En Amérique latine, malgré l’interdiction rigoureuse de l’avortement, le taux est en moyenne quatre fois supérieur à celui de l’Europe occidentale. De même, ce taux est considérablement plus élevé en Europe orientale. Cela s’explique par le fait que jusqu’à très récemment, les contraceptifs disponibles en Europe orientale n’étaient pas fiables, pas plus que n’existait une éducation sexuelle.

En Europe occidentale, le taux d’IVG varie entre un minimum d’environ 6 pour mille femmes en âge de procréer (de 15 à 44 ans) par année aux Pays-Bas et un maximum de 18,5 pour mille en Suède. Le taux suisse – environ 8 pour 1000 – appartient aux plus bas d’Europe.

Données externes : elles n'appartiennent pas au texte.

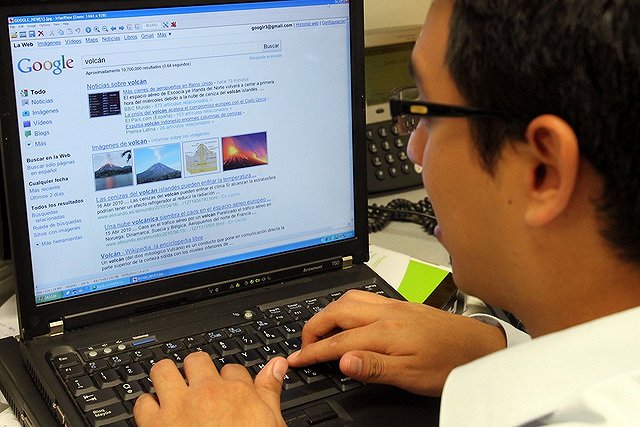 Европейцы требуют удалить из поисковиков негативные данные о себе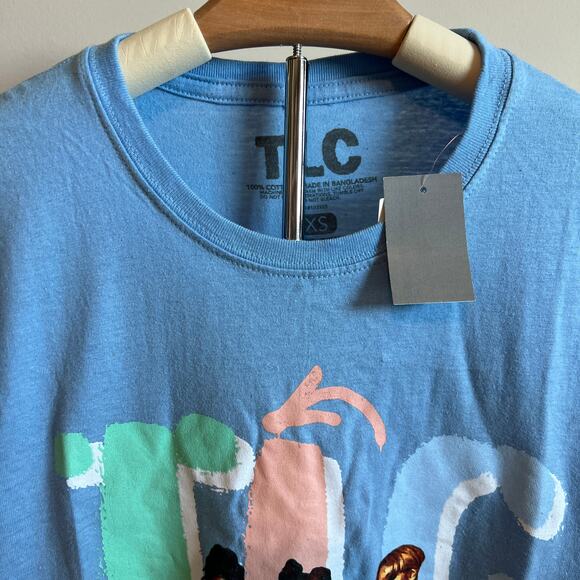 TLC Women's Light Blue Short Sleeve Graphic T-Shirt - Size XS - NWT - Picture 3 of 6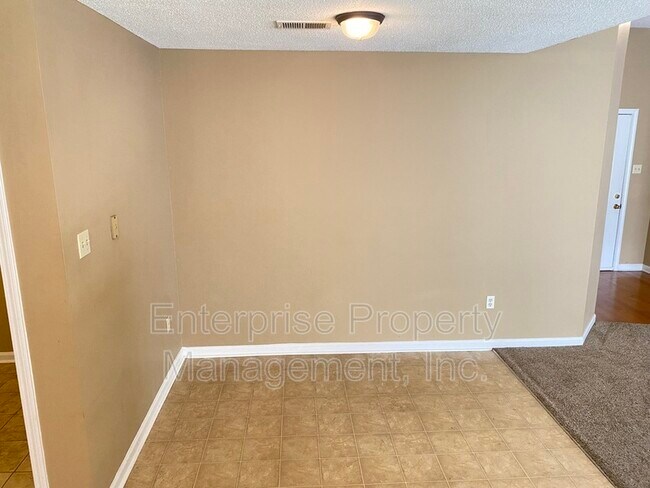 Building Photo - 4444 Longtree Cove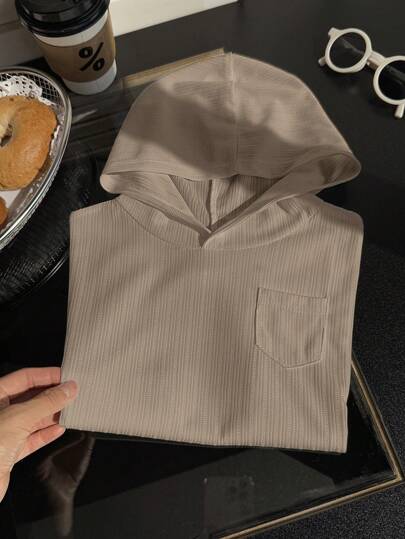 SHEIN تي شيرت هودي أبيض فضفاض بملمس ناعم أنيق بطراز رياضي كاجوال ملائم للاستخدام اليومي والمدرسة والسفر والرياضة خلال الربيع والصيف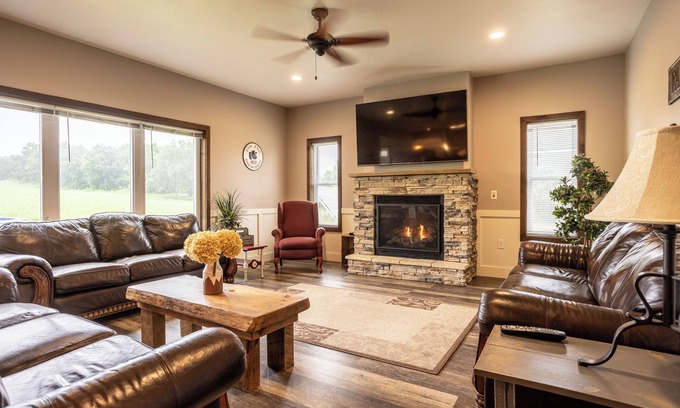 Wisconsin Dells House | Epic 6BR w/Movie Theater + Goats + Dock Access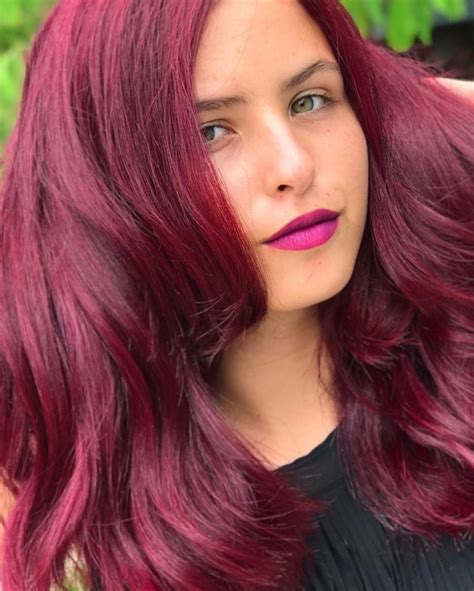 Cabelo marsala com luzes loira  Se possível, faça a progressiva primeiro e depois invista no cabelo com luzes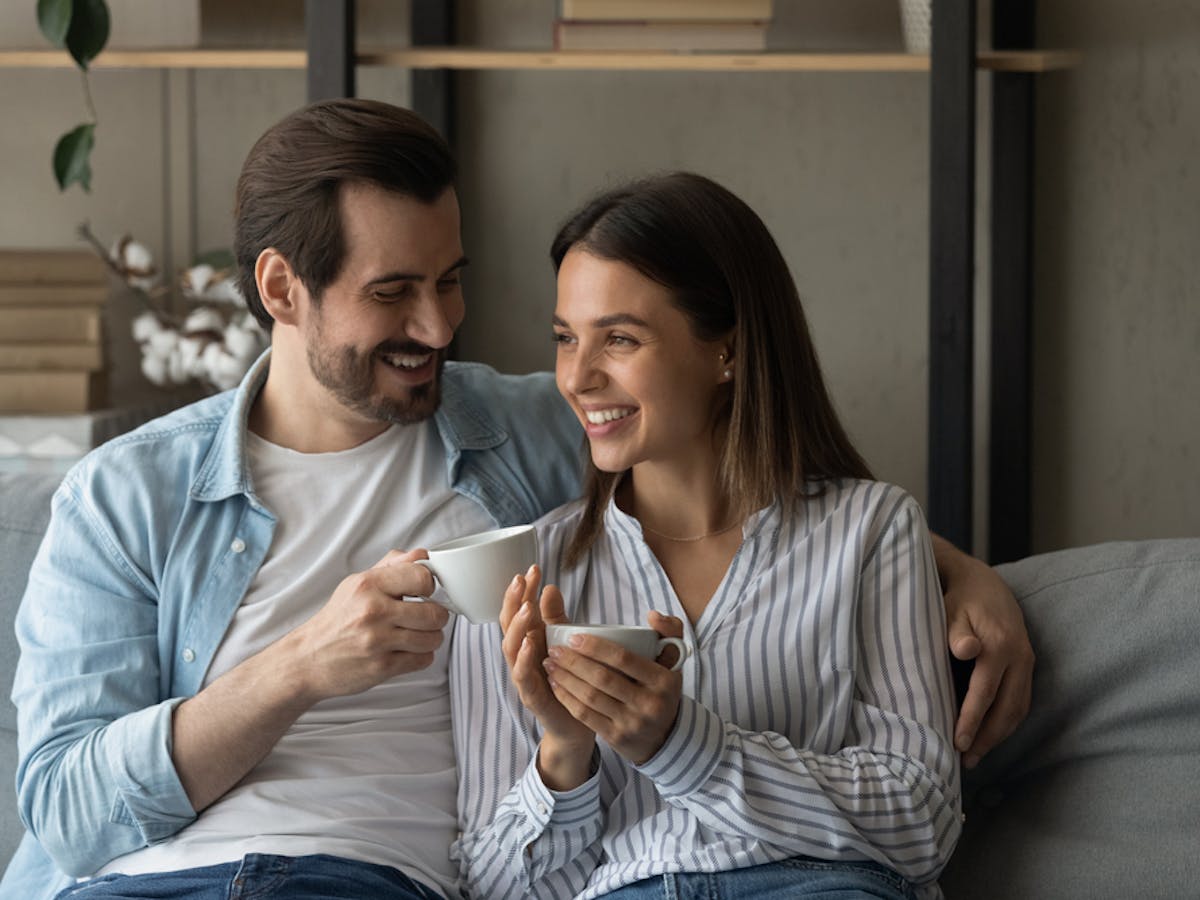 彼女を溺愛する彼氏の特徴とは 恋人が好きすぎる男性の特徴を大公開 Smartlog 彼女を溺愛する彼氏の特徴とは 恋人が好きすぎる男性の特徴を大公開 Smartlog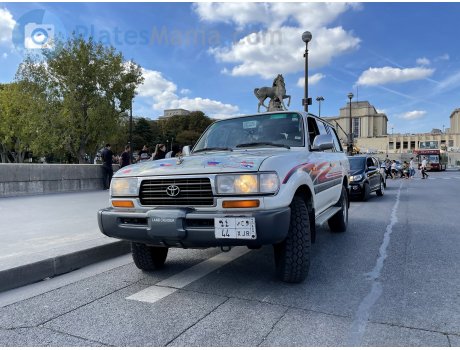 ‎٤٤‎ ‎ر ح ص‎ / 44 XJR, Toyota Land Cruiser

Comme le souligne le Dr Ketting, il est aujourd’hui scientifiquement établi que le taux d’IVG ne dépend pas de la loi. Il n’est pas plus bas dans les pays qui connaissent des lois restrictives que dans les pays dont la législation est libérale. Le but des lois restrictives, qui est de détourner la femme de l’avortement, n’est donc pas atteint. Selon Ketting, chiffres à l’appui, le nombre d’IVG ne dépend que des moyens anticonceptionnels à disposition de la population et de la qualité de l’éducation sexuelle.


SUCCÈS HISTORIQUE AUX PAYS-BAS
Pourquoi le taux d’IVG est-il si bas aux Pays-Bas ?

Les Pays-Bas sont internationalement connus comme l’ "État-modèle" car ils ont réussi à concilier une législation très libérale et un taux très faible d’IVG. Le sociologue néerlandais Dr Evert Ketting a présenté les raisons de ce succès dans son exposé du 28 avril 1998 à Berne.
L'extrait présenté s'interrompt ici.